[MATERIAL FOR THIS TASK Boundary: Start]

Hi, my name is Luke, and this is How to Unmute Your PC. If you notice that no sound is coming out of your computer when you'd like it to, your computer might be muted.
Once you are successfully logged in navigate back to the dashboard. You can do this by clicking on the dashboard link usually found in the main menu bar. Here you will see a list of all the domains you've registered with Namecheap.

[MATERIAL FOR THIS TASK Boundary: End]
[MATERIAL FOR THIS TASK Boundary: Start]

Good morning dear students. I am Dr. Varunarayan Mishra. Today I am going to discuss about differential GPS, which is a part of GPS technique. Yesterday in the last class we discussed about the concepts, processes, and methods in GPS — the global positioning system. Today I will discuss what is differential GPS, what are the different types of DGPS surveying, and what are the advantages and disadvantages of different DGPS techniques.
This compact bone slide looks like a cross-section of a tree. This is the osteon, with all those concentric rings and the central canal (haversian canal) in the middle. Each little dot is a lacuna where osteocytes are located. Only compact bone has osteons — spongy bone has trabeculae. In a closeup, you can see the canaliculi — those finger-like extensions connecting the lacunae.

[MATERIAL FOR THIS TASK Boundary: End]

• WHAT THE EXERCISE ASKS
Return, word for word, the lines of the data above from the line with "Hi, my name" through the line with "Once you are", inclusive.

• SOLUTION TO THE PROBLEM
Hi, my name is Luke, and this is How to Unmute Your PC. If you notice that no sound is coming out of your computer when you'd like it to, your computer might be muted.
Once you are successfully logged in navigate back to the dashboard. You can do this by clicking on the dashboard link usually found in the main menu bar. Here you will see a list of all the domains you've registered with Namecheap.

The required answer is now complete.